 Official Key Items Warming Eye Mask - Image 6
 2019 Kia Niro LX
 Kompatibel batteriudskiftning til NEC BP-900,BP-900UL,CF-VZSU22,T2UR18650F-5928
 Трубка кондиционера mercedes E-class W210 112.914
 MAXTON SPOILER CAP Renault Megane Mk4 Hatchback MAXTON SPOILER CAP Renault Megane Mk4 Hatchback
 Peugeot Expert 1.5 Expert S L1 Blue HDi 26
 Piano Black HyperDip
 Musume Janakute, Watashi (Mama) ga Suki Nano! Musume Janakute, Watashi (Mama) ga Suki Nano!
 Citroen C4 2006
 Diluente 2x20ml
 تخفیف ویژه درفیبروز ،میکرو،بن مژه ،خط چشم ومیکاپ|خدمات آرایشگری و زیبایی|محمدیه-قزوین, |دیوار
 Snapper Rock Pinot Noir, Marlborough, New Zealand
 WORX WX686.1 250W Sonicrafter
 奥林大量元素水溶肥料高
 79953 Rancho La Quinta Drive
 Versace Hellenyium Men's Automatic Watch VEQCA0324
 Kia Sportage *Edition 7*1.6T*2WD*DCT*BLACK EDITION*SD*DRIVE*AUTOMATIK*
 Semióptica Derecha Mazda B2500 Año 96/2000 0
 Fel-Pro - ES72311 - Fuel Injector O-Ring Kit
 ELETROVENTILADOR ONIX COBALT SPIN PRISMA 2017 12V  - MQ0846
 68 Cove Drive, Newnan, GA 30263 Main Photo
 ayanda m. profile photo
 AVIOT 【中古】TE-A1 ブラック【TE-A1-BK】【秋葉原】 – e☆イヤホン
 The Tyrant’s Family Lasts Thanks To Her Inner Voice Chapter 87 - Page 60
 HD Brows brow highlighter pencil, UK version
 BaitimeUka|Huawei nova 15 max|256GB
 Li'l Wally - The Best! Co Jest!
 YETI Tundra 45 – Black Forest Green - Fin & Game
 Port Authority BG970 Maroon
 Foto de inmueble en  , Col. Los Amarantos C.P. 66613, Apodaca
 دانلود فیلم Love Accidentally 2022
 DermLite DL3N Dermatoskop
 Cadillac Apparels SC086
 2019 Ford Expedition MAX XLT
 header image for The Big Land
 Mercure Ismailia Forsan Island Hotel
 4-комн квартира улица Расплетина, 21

- - - - - - -

__Directions__. A verbatim copy of the lines from the one with "Semióptica Derecha Mazda B2500 Año 96/2000 0" to the end of the listing is the whole answer.

__Answer to this problem__.
 Semióptica Derecha Mazda B2500 Año 96/2000 0
 Fel-Pro - ES72311 - Fuel Injector O-Ring Kit
 ELETROVENTILADOR ONIX COBALT SPIN PRISMA 2017 12V  - MQ0846
 68 Cove Drive, Newnan, GA 30263 Main Photo
 ayanda m. profile photo
 AVIOT 【中古】TE-A1 ブラック【TE-A1-BK】【秋葉原】 – e☆イヤホン
 The Tyrant’s Family Lasts Thanks To Her Inner Voice Chapter 87 - Page 60
 HD Brows brow highlighter pencil, UK version
 BaitimeUka|Huawei nova 15 max|256GB
 Li'l Wally - The Best! Co Jest!
 YETI Tundra 45 – Black Forest Green - Fin & Game
 Port Authority BG970 Maroon
 Foto de inmueble en  , Col. Los Amarantos C.P. 66613, Apodaca
 دانلود فیلم Love Accidentally 2022
 DermLite DL3N Dermatoskop
 Cadillac Apparels SC086
 2019 Ford Expedition MAX XLT
 header image for The Big Land
 Mercure Ismailia Forsan Island Hotel
 4-комн квартира улица Расплетина, 21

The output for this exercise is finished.